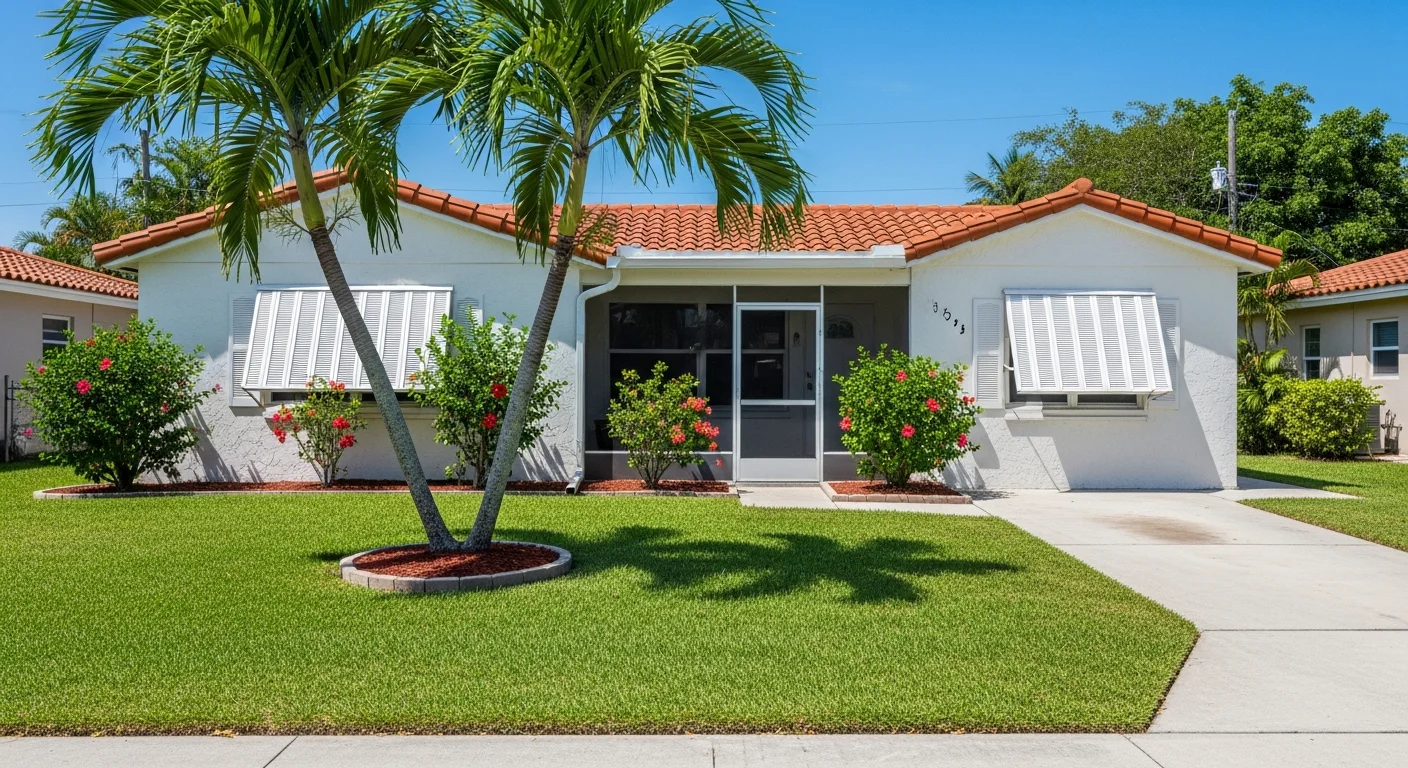 Typical CBS concrete block and stucco ranch home in Deerfield Beach Florida representative of 1950s-70s construction requiring specialized fire restoration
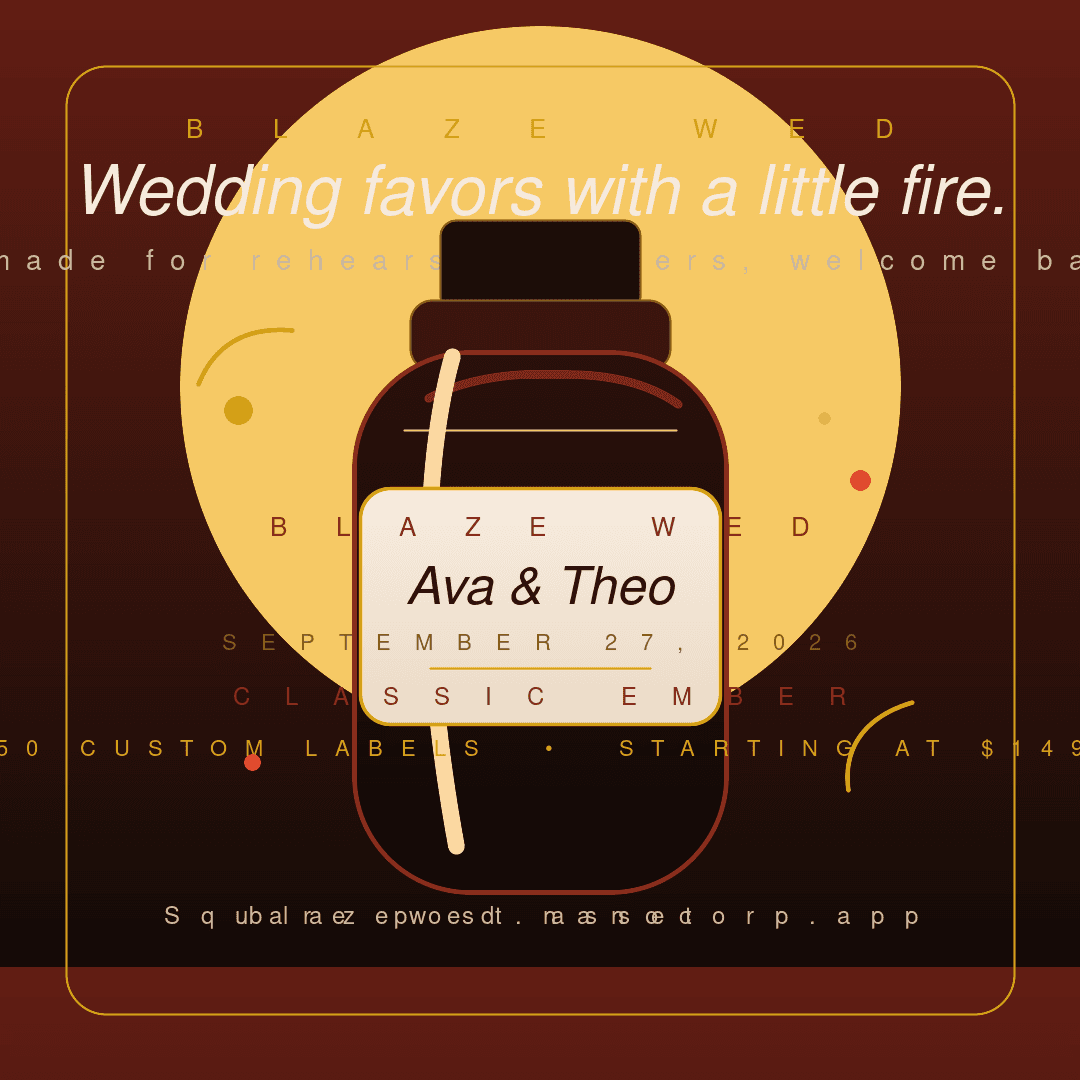 Square Blaze Wed social graphic featuring a custom wedding hot sauce bottle label for Ava and Theo.
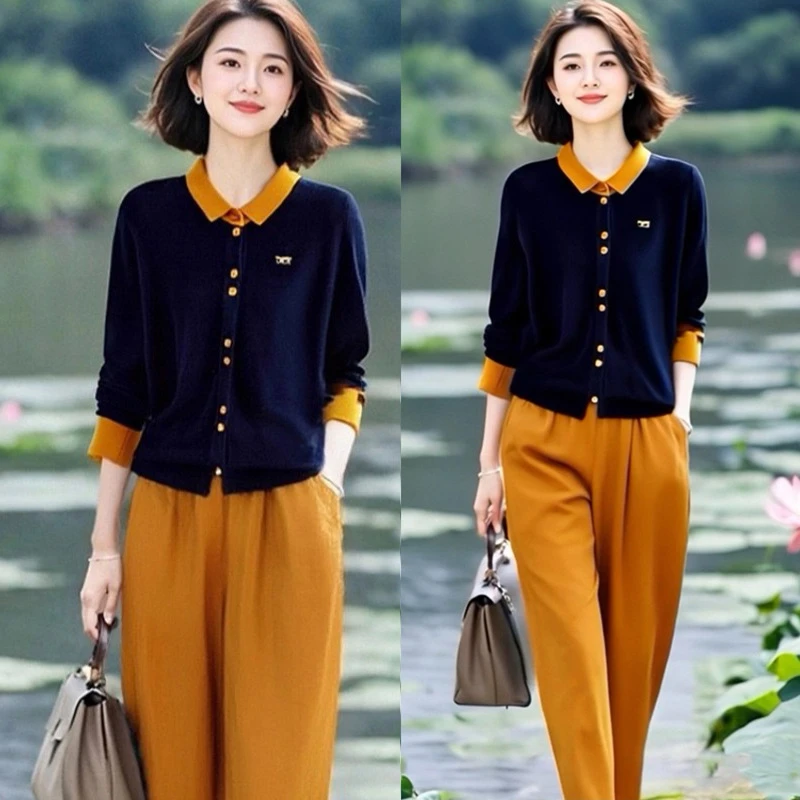 巨好看秋装气质一整套ootd大方得体高级感长袖上衣休闲裤两件套装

★ ★ ★

• WHAT TO DO
All that is needed is an exact copy of the lines from the line with "Square Blaze Wed" through the end of the listing, both ends included, with no pictures.

• EXERCISE OUTPUT
 Square Blaze Wed social graphic featuring a custom wedding hot sauce bottle label for Ava and Theo.
 巨好看秋装气质一整套ootd大方得体高级感长袖上衣休闲裤两件套装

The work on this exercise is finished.